The court also found that vacating FERC’s unreviewed orders would prevent the orders from having an adverse impact on PG&E or any other utility in the future.
“At the heart of these cases lies a dispute concerning FERC’s powers over contract performance, including a question of what constitutes a rate change under the filed-rate doctrine and Federal Power Act,” the court wrote. “These issues could well arise outside of bankruptcy. While the orders are declaratory, and we cannot say with certainty how they might affect PG&E or others, we think the better course is to eliminate that concern.”
The court held that its decision did not express any opinion on the merits of the dispute and should not harm FERC, “as it can easily re-assert its position in future proceedings.”
After years of using its own generator interconnection cost allocation method, American Transmission Co. will transition to MISO’s after FERC on Monday gave the company its approval.
ATC’s revision will apply to the 2020 cycle of generators interconnecting to its system, or any interconnection request submitted on or after April 29, 2019 (ER20-2619).
MISO currently allocates 90% of necessary transmission upgrades above 345 kV to the generator and 10% to load on a systemwide basis.
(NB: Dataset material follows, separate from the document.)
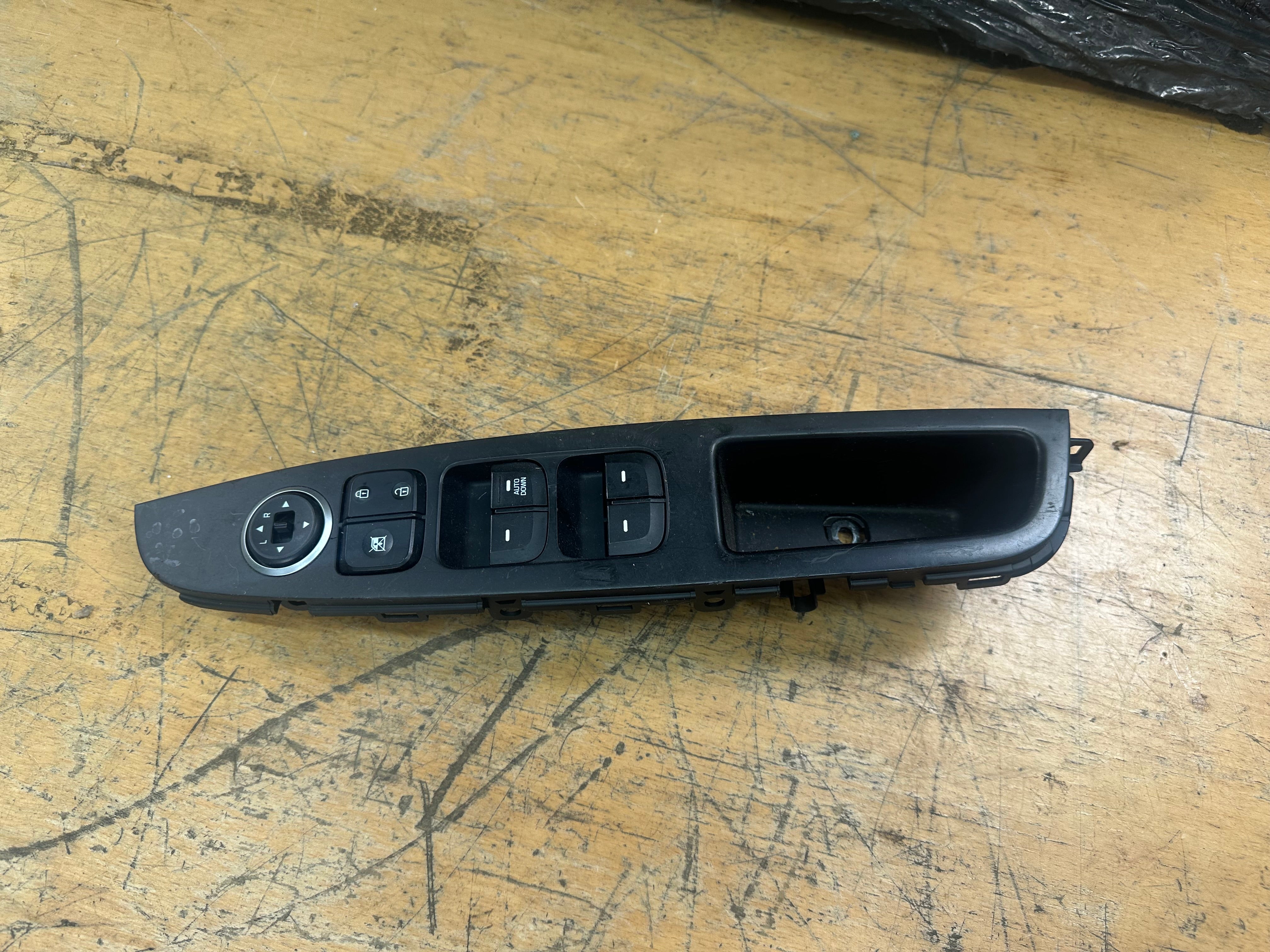 Hyundai i10 2016 O/S/F Driver Right Front Window Control Switch (82740-B9030)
Costs for upgrades rated below 345 kV are 100% assigned to the generator.
In 2006, MISO adopted a reimbursement approach where 50% of a generator’s network upgrade costs would be repaid to the interconnection customer through credits against transmission service charges, if the customer could prove its generator had been designated as a network resource or held at least a one-year contract to supply capacity or energy. That process was only in effect for three years.
| American Transmission Co.
ATC opted not to use the MISO approach. The transmission utility instead used a 100% reimbursement policy for interconnecting generators that could prove they were fulfilling network needs. ATC also never adopted MISO’s 10% postage-stamp allocation for network upgrades 345 kV and above, which replaced the 50% reimbursement procedure in MISO’s Tariff in 2009.
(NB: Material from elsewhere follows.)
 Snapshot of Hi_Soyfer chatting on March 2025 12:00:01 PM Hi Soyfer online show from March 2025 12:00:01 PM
With the commission’s approval, ATC will use the 10% postage-stamp allocation provision and phase out its 100% reimbursement policy. The utility said most MISO transmission owners already use the RTO’s cost allocation approach and that the transition would bring more homogeneity with the RTO’s interconnection procedures. ATC also said its revaluation of cost allocation was prompted by FERC’s recent decision reinstating TOs’ option to self-fund network upgrades. (See FERC Upholds MISO Self-fund Order, Glick Dissents.)
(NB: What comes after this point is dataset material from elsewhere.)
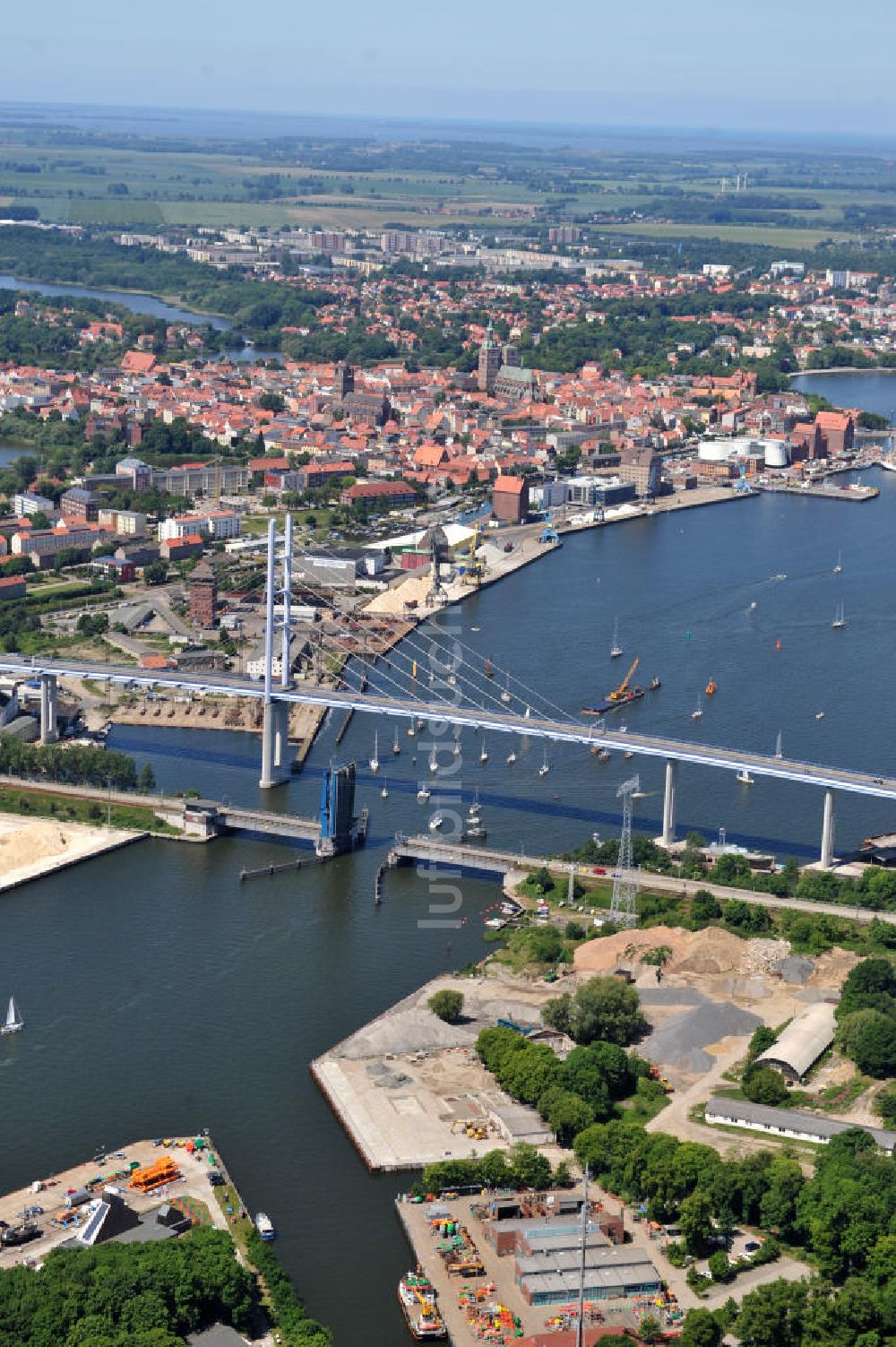 Hansestadt Stralsund aus der Vogelperspektive: Strelasundquerung / Rügenbrücke mit Rügendamm in Stralsund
Clean Grid Alliance, the American Wind Energy Association and the Solar Council argued against ATC’s proposal, contending the April 2019 effective date violates rules against retroactive ratemaking. They argued that interconnection customers have already entered the MISO queue’s 2020 cycle “with the reasonable expectation that the current cost allocation rules would apply.” The parties pointed out that 45 projects planning to interconnect to ATC entered the 2020 queue cycle and reminded FERC that it previously supported “stability and predictability” in grid operators’ queues.
But FERC said an interconnection customer’s generator interconnection agreement, signed upon completion of MISO interconnection queue studies, should be considered the Rubicon for projects in the queue. ATC’s proposal does not affect existing executed or unexecuted GIAs, the commission said, “because prospective generators in MISO’s 2020 queue cycle are not scheduled to execute GIAs until July 2022, nearly two years in the future.”